▶ Exercise directions
Quote the records in full and leave their pictures out.

───── Dataset ─────

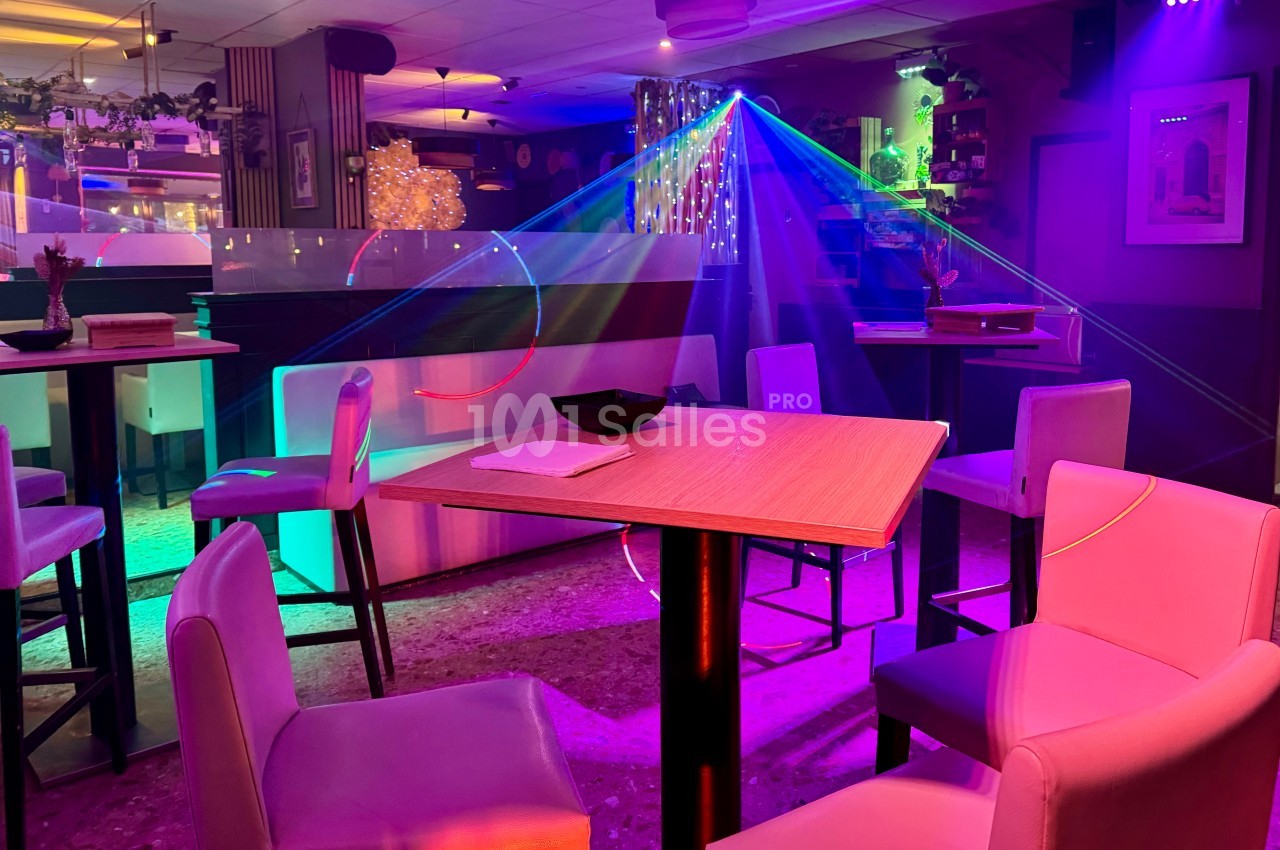 Salle de bar ou restaurant avec éclairage coloré, tables et chaises modernes, et ambiance festive.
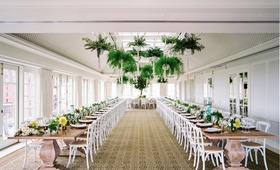 California-Inspired Reception Décor
Photography: Branco Prata
Read More:
http://www.insideweddings.com/weddings/chic-destination-wedding-with-california-style-in-washington-dc/1042/ Wedding reception sunlit ballroom two long wood tables ferns in macrame planters hanging ceiling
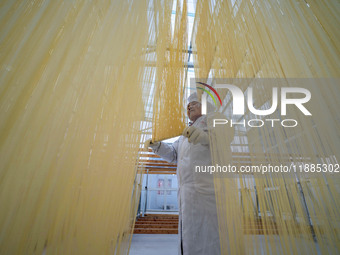 A worker places hanging noodles on a shelf to dry in Hefei, Anhui province, China, on December 21, 2024. (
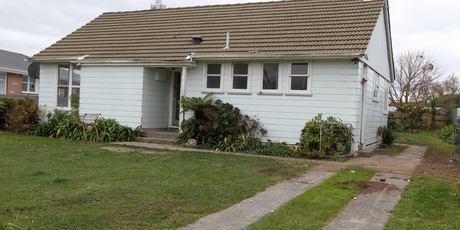 The house after truckloads of trash were removed. Photo / Duncan Brown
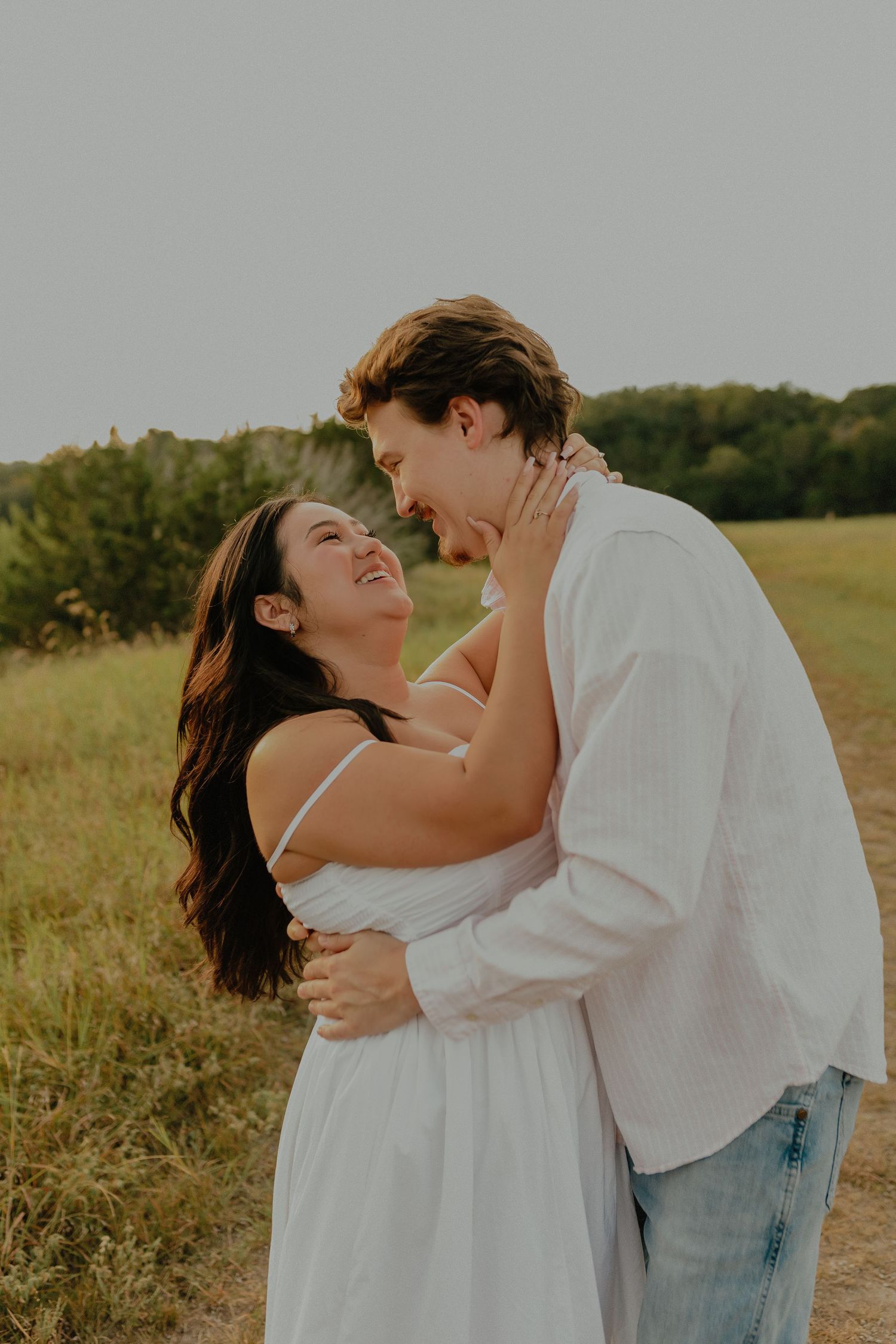 Couple sharing an intimate moment while embracing in a sunny field.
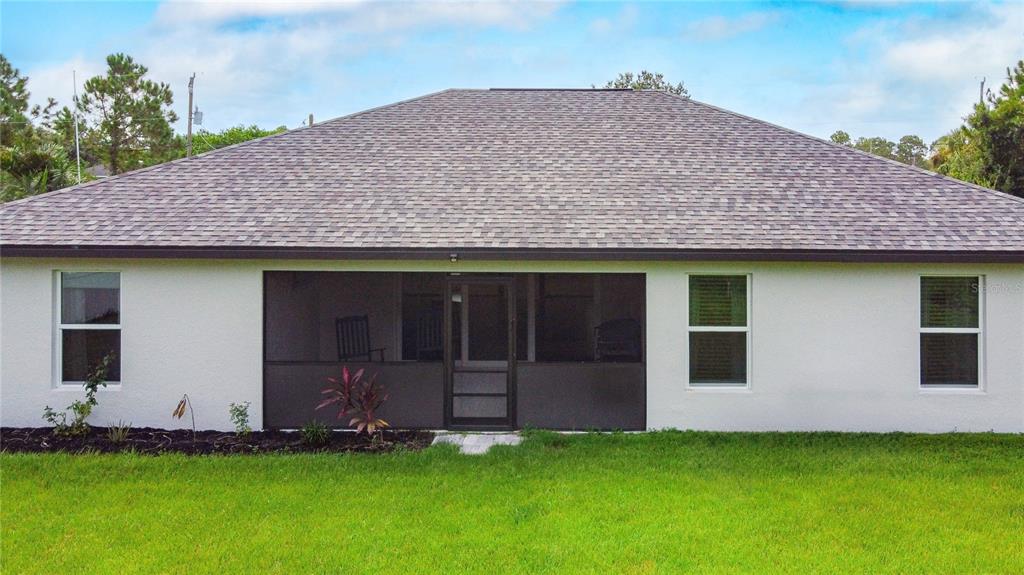 2713 Embassy Road North Port, FL 34291 - Photo 27 of 30 a view of a house with a yard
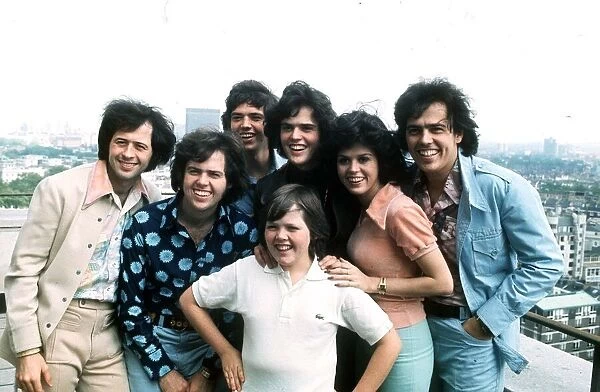 The Osmonds pop group on roof Circ 1975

─────

▶ Task output
 Salle de bar ou restaurant avec éclairage coloré, tables et chaises modernes, et ambiance festive.
 California-Inspired Reception Décor
Photography: Branco Prata
Read More:
http://www.insideweddings.com/weddings/chic-destination-wedding-with-california-style-in-washington-dc/1042/ Wedding reception sunlit ballroom two long wood tables ferns in macrame planters hanging ceiling
 A worker places hanging noodles on a shelf to dry in Hefei, Anhui province, China, on December 21, 2024. (
 The house after truckloads of trash were removed. Photo / Duncan Brown
 Couple sharing an intimate moment while embracing in a sunny field.
 2713 Embassy Road North Port, FL 34291 - Photo 27 of 30 a view of a house with a yard
 The Osmonds pop group on roof Circ 1975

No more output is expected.